Frigorífico Anglo Del Uruguay meatpacking factory complex on the banks of the River Uruguay, nicknamed the the "Anglo" neighbourhood. Photo by the author. The Fray Bentos meat extraction warehouse. Photo by the author.

Victorian machinery and warehouses, dilapidated docks, a lofty red-brick chimney straight out of 19th century Manchester, and cottages that housed 4000 employees in its heyday still populate the banks of the River Uruguay.

That's why I crossed Libertador General San Martín Bridge from Argentina to check out the recently accoladed plant, whose numerous meaty wares fed tinkers, tailors, soldiers, and sailors, rich men, poor men—and probably some thieves by slaughtering up to 1600 heads of cattle or 4800 ovines a day for more than a century.

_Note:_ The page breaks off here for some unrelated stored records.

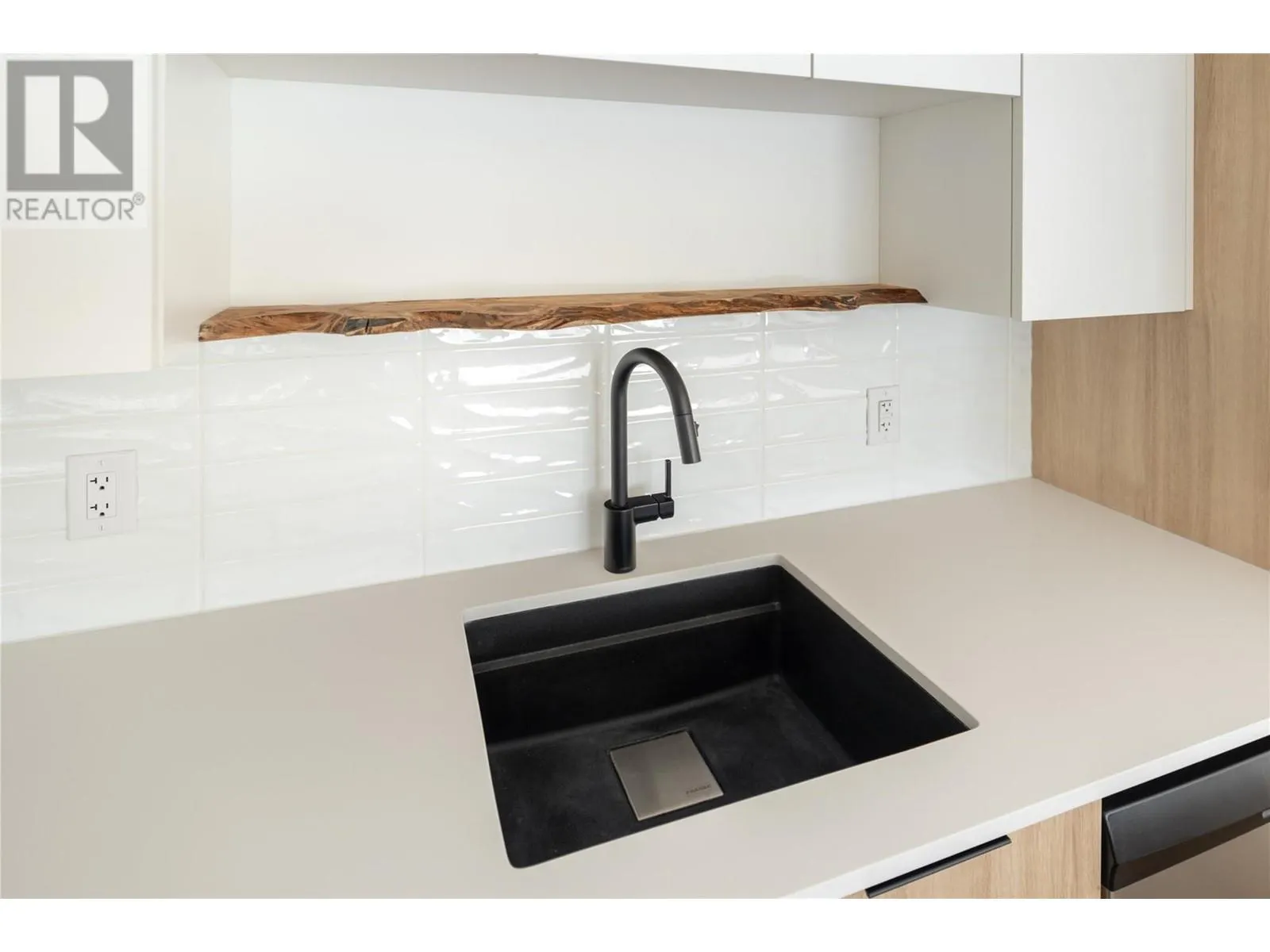 604 Cawston Avenue Unit# 415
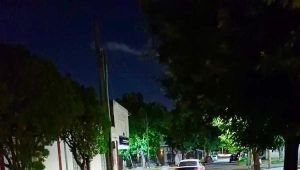 Repusieron las luminarias que habían sido robadas en una calle de Ezpeleta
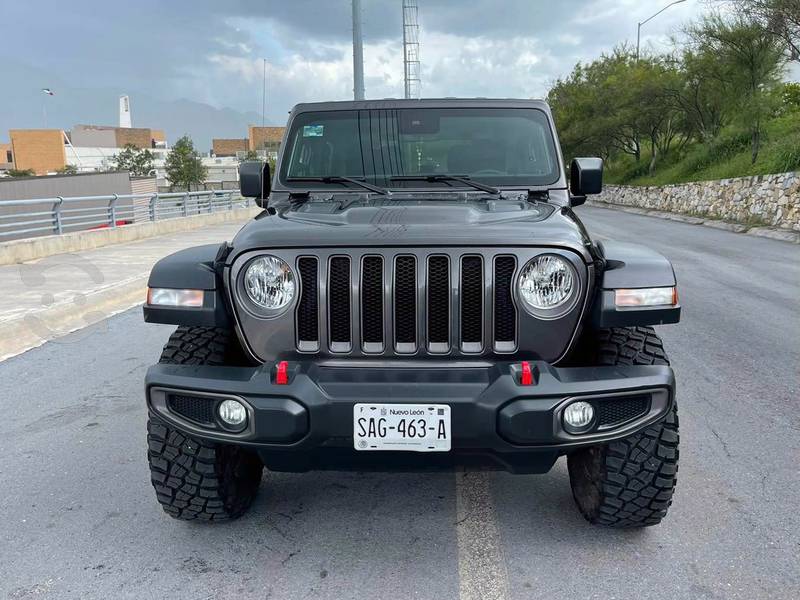 Jeep Wrangler Unlimited Sahara 4x en Monterrey, Nuevo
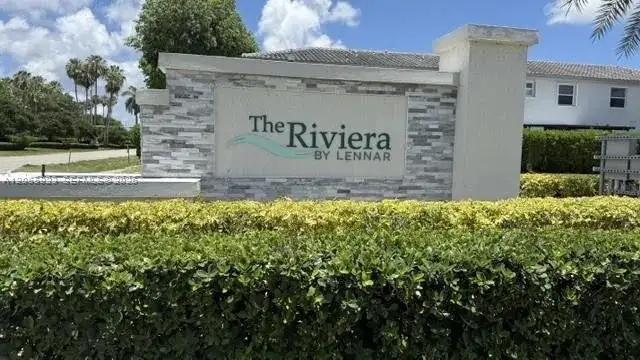 2608 SE 19th St, Homestead FL 33035 photo 2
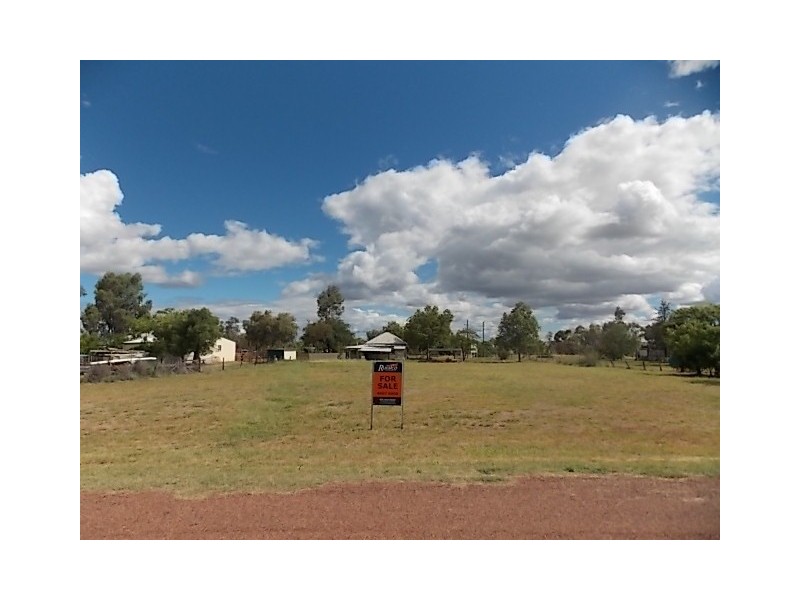 40 WALTER STREET, Blackall QLD 4472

"The only thing we didn't sell was the moo," says René Boretto, who sits on Anglo's international conservation committee.

But the meat giant would have canned the bovine bellow if it could have, given that it used every other component. Blood was resurrected as organic fertiliser, offal made its way to the neighbourhood butcher, tongue and cheek were standalone delicacies, and everything else made it as beef extract.

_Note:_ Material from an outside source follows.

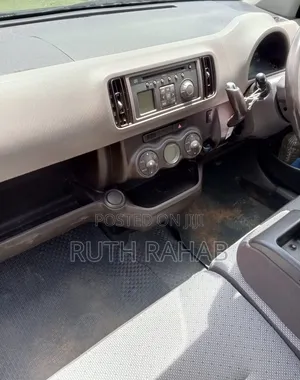 Toyota Passo 2015 Gray
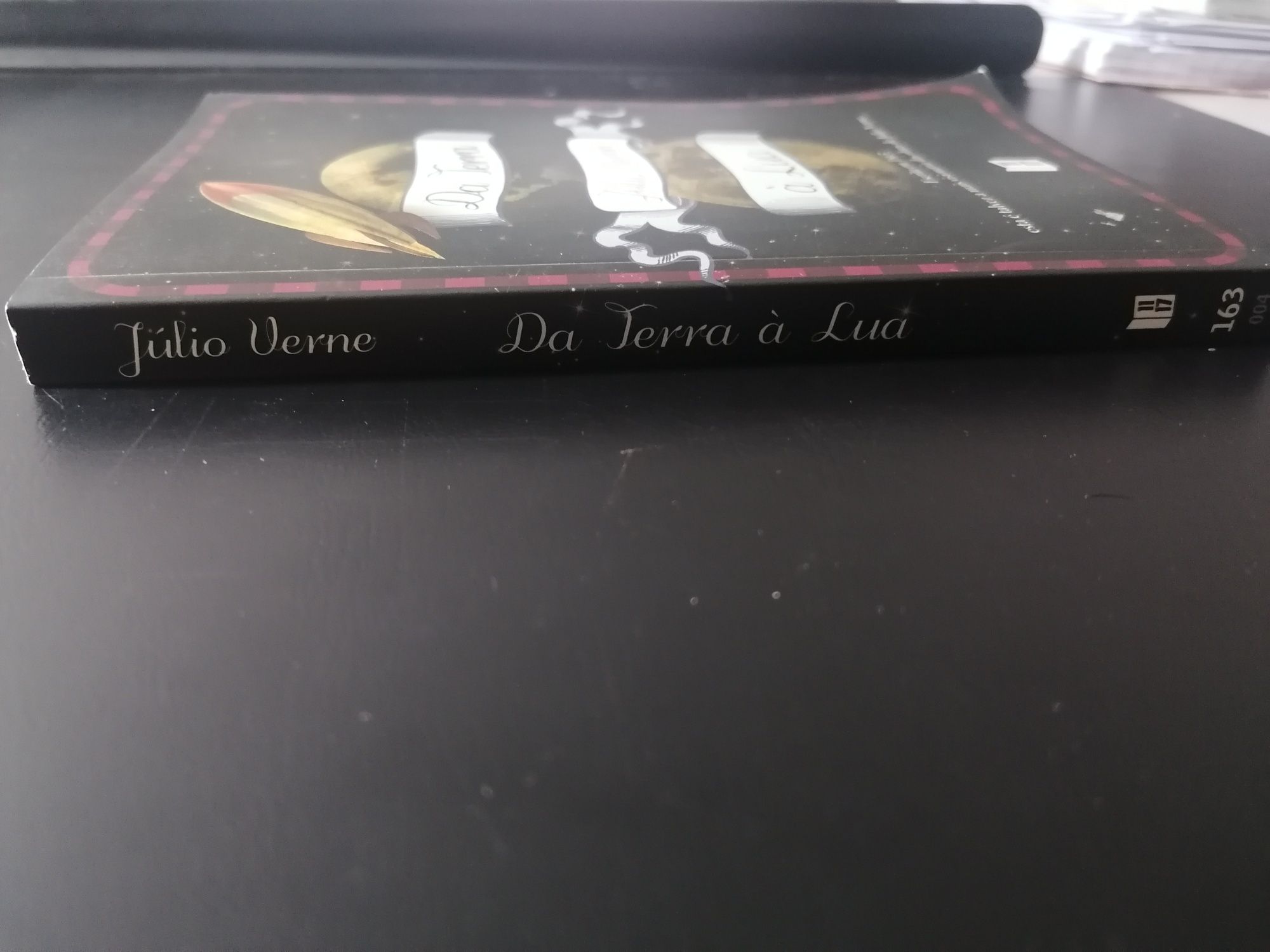Livro Da Terra à Lua de Júlio Verne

And let's not forget corned mutton and brined turkey. By the 1920s, the Frigorífico Anglo Del Uruguay sold around 200 products, including frozen wares from 1924. Goods were shipped all around the world from the meatpackers' very own dock.


I say "meatpacker" but in the early days before refrigeration was a thing, Liebig Extract of Meat Company, as it was known in 1863, produced exactly that. In a bid to create a meat substitute, Justus von Liebig, a savvy German chemist and the firm's first director, boiled down average quality cuts in water to create a liquid extract. He also had the foresight to patent it and voilà, liquid became solid and the Oxo cube was born.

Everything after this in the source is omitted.